> **ABOUT THIS TASK**:
Give the data again in full, without pictures.

> **GIVEN DATA**:
====

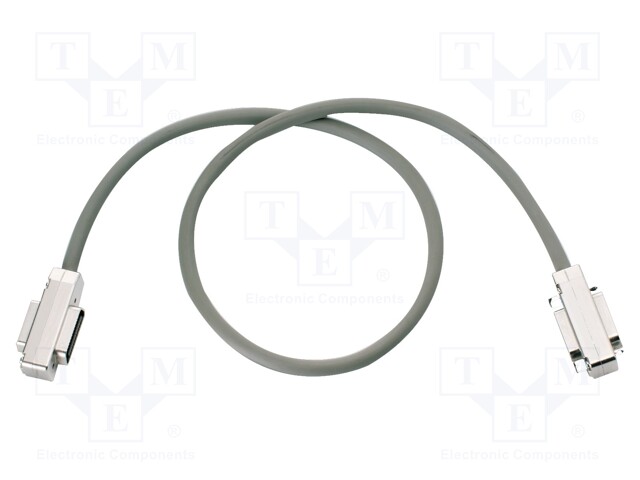 Test lead; GPIB; Len: 0.6m; Features: shielded, twofold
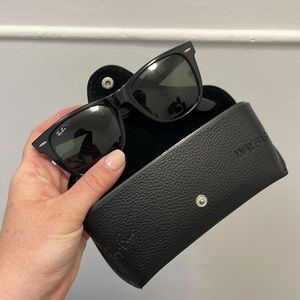 RAYBAN CLASSIC WAYFARER RB2140 Black Large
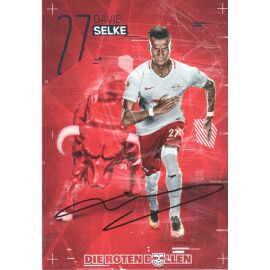 Autogramm Fussball | RB Leipzig | 2016 | Davie SELKE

====

> **YOUR SOLUTION**:
 Test lead; GPIB; Len: 0.6m; Features: shielded, twofold
 RAYBAN CLASSIC WAYFARER RB2140 Black Large
 Autogramm Fussball | RB Leipzig | 2016 | Davie SELKE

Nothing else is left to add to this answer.